The model successfully reproduced the anticipatory increases in GF observed after the arm movement onset. Less successful were reproductions in cases in which the GF started increasing before the arm movement onset. Nevertheless, the simulation did produce a longer delay in Pattern C compared to A, as predicted. It is likely that the optimization method used in the simulation did not fully capture the time courses of all possible variations of this action. In other words, this is not a problem of the model as such but rather of the optimization method.

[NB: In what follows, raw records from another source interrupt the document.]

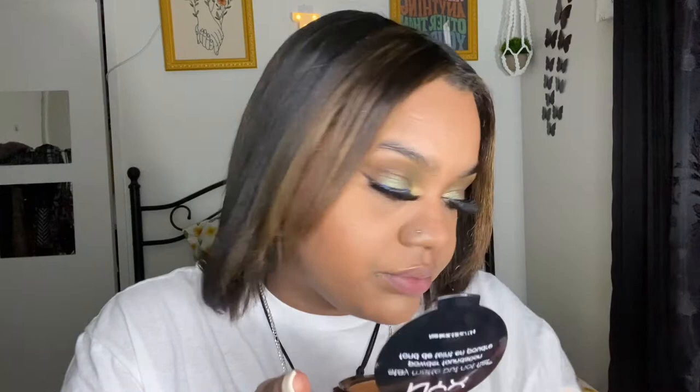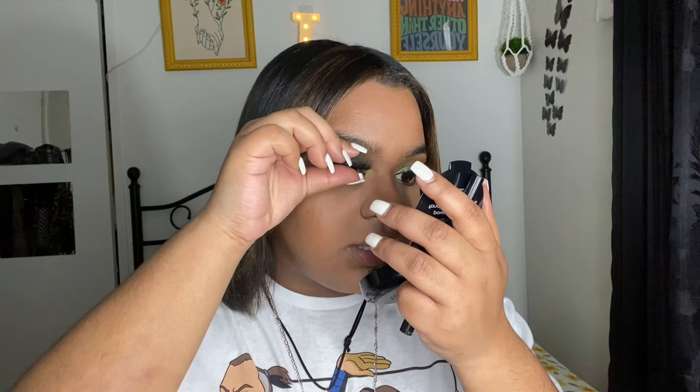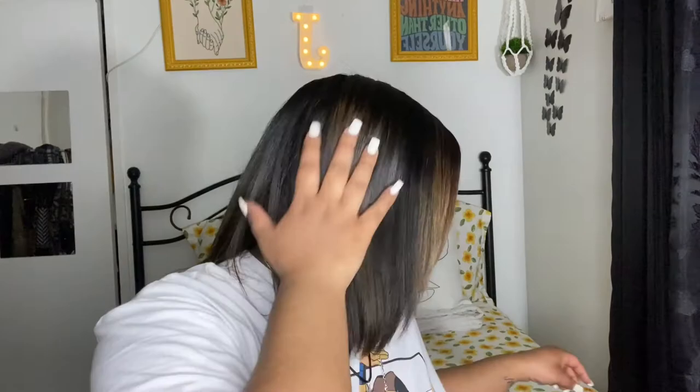These lashes want to give me trouble today. I have a technique which is pressing the ends down because they just want to do what they want to do. So I press them down and fix whatever needs fixing, because lashes always want to do what they want to do. Now we're going to go in with mascara.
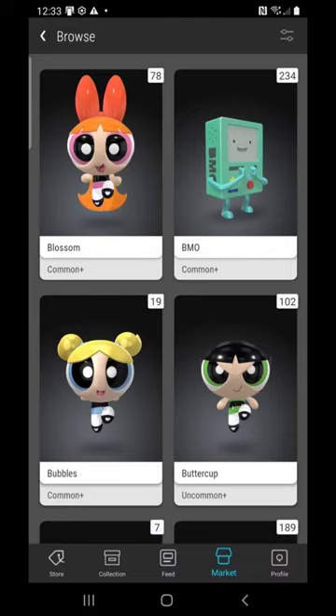Let me know — are you holding any Blossoms or Buttercups? Bubbles is out of reach for me, but I am glad that I've got the orange and the green right about now. That's all I've got, stay tuned for more reports — this is Carlton, and I am done.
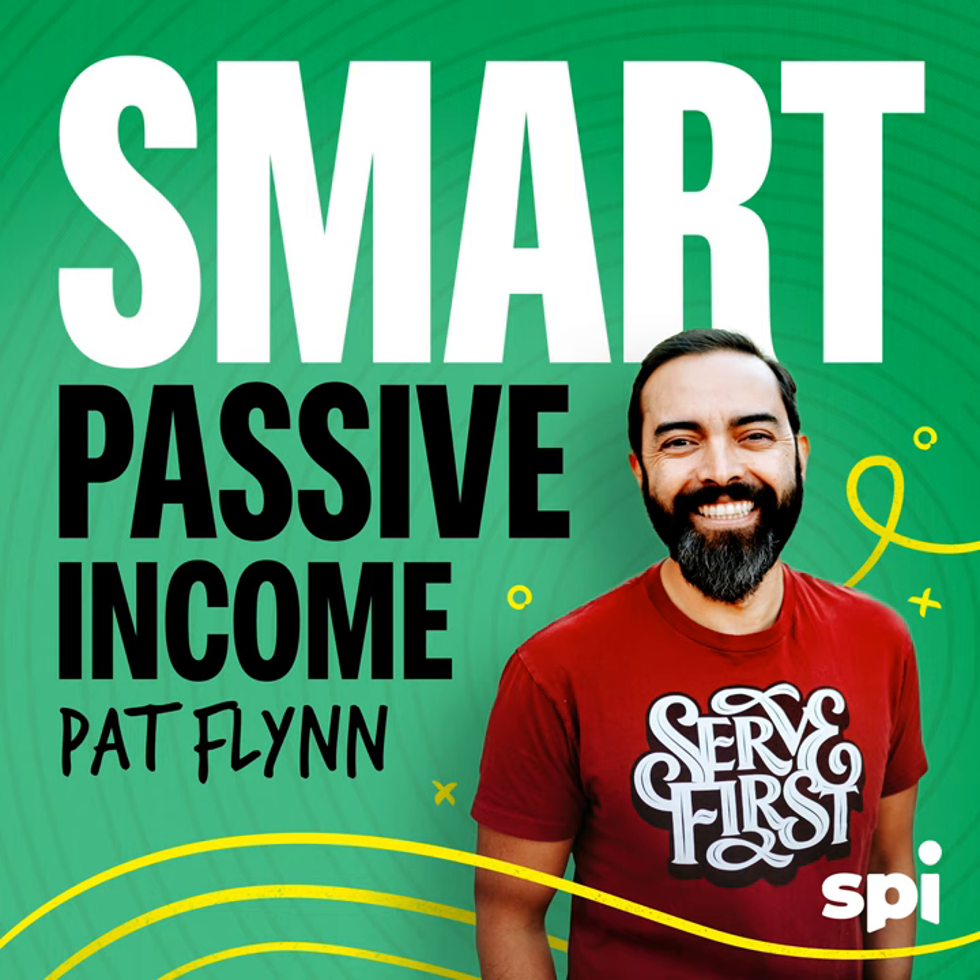Thank you for joining me today in session 334 of the Smart Passive Income Podcast. I've been looking forward to this particular show for a very long time because now I get to have Andrew, host of Mixergy.com, on my show. I try to ask some really deep questions, and honestly it's one of the most honest and authentic interviews I've done in a while. You can tell Andrew really wants to share the full truth behind how he got started, grew his business, and what his inspiration is.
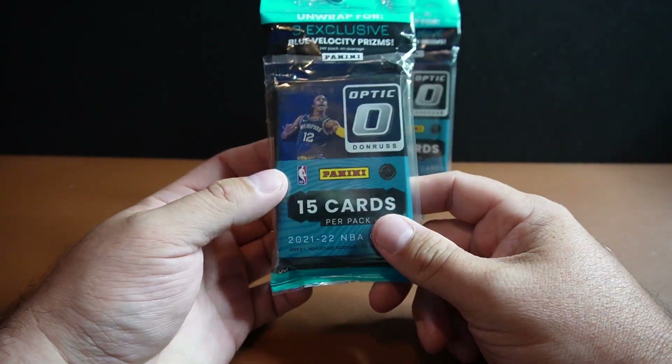It's a nice Carmelo Anthony on the base. There's a Trey Murphy rated rookie, Rayshaun Holmes, Charles Bassey on the rookie, Kessler Edwards, De'Aaron Fox, Jamal Murray, Fred VanFleet, a Paul George Express Lane, Zach LaVine, and we got a T-Minus Kevin Durant.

The control variable R of both GF and elbow movement simulations and variable C of elbow movement simulation were mathematically described by ramp-shaped time functions. It is possible that a model characterized by only one ramp shape cannot simulate trials of older adults and stroke subjects who use more feedback than feedforward patterns (Raghavan et al. 2006). The multiple peaks observed in the GF rate in these cases are likely due to multiple specifications of the referent position, which cannot be captured well by a single ramp. In addition, the ramp shape may not be able to simulate the anticipatory increases in GF before the arm movement onset (Pattern A) due to the gradual GF increase that characterized some of the experimental trials. Finally, the relatively large number of fixed variables may not have well described the movements, and as the optimization procedure is sensitive to the initial estimate and several variables were used, the best-fit simulations may have been local minima rather than the actual optimal solution.

Clinical implications

Deficits in temporal coupling between the arm and hand were related to clinical functional ability of the upper limb in the stroke group. This is similar to previous studies in which temporal coupling between the rate of change of GF and load force during the lift correlated highly with the Action Research Arm Test (McDonnell et al. 2006), and deficits in pre-lift delay were related to worse performance on the Jebsen–Taylor Hand Function Test, Motor Assessment Scale and a custom-designed survey about daily hand use (Blennerhassett et al. 2008). Such correlations point to the functional significance of task-specific temporal coupling, and suggest that this aspect of movement production may be important to assess and train during rehabilitation of stroke survivors with elbow movement and grip deficits. Our finding that healthy typical and non-healthy typical patterns were produced by changing R and C commands in a subgroup of stroke subjects suggests that the underlying cause of the motor dysfunction is related to deficits in parametric control. Improvements in motor function due to recovery or training may result from recovery of the ability to specify and regulate descending threshold control variables.

Conclusions

The significantly fewer healthy typical patterns observed in stroke subjects during FE arm movements, impaired ability to increase movement-related GF during fast compared to self-paced arm extension, together with the observed association between longer delays and upper limb motor impairment, describe several deficits of anticipatory GF control in subjects with stroke. These deficits may be related to limitations in parametric control, defined as inability to specify appropriate R and C commands.